- [Assigned task] Copy exactly the lines of the material below that fall between the line with "Then there is" and the line with "Conlanging, something similar", both of those lines included; pictures stay out.

- [Data for review]
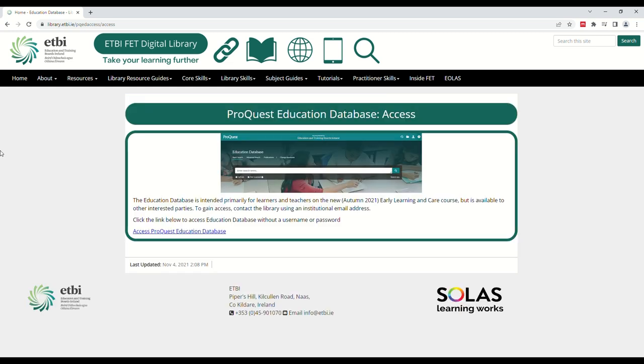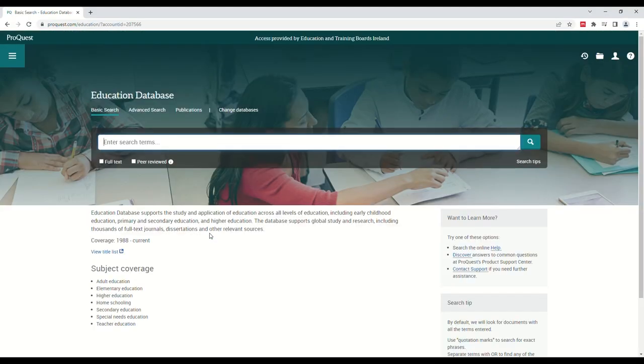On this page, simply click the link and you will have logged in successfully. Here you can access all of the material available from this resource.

* * *

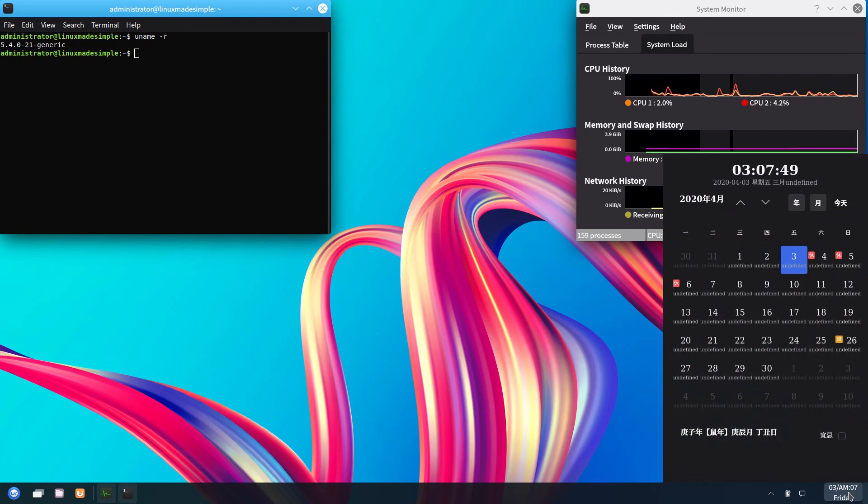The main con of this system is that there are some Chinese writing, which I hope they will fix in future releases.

--

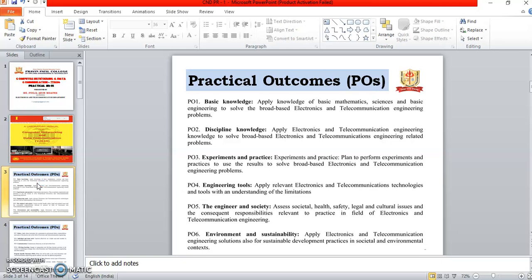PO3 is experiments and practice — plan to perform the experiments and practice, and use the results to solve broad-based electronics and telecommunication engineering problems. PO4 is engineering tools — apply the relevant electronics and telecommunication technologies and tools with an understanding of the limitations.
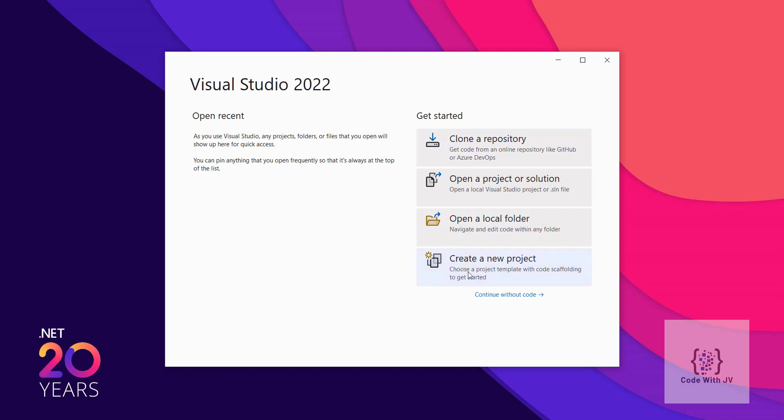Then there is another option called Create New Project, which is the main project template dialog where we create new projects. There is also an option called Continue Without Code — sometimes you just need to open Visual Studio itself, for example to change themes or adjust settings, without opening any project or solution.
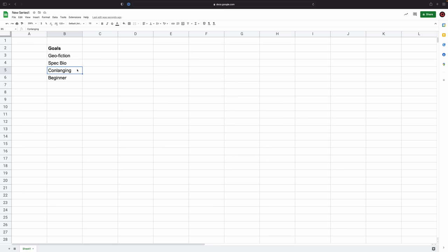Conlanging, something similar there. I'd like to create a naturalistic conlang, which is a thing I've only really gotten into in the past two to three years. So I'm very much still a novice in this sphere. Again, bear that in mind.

- [Written answer]
Then there is another option called Create New Project, which is the main project template dialog where we create new projects. There is also an option called Continue Without Code — sometimes you just need to open Visual Studio itself, for example to change themes or adjust settings, without opening any project or solution.
Conlanging, something similar there. I'd like to create a naturalistic conlang, which is a thing I've only really gotten into in the past two to three years. So I'm very much still a novice in this sphere. Again, bear that in mind.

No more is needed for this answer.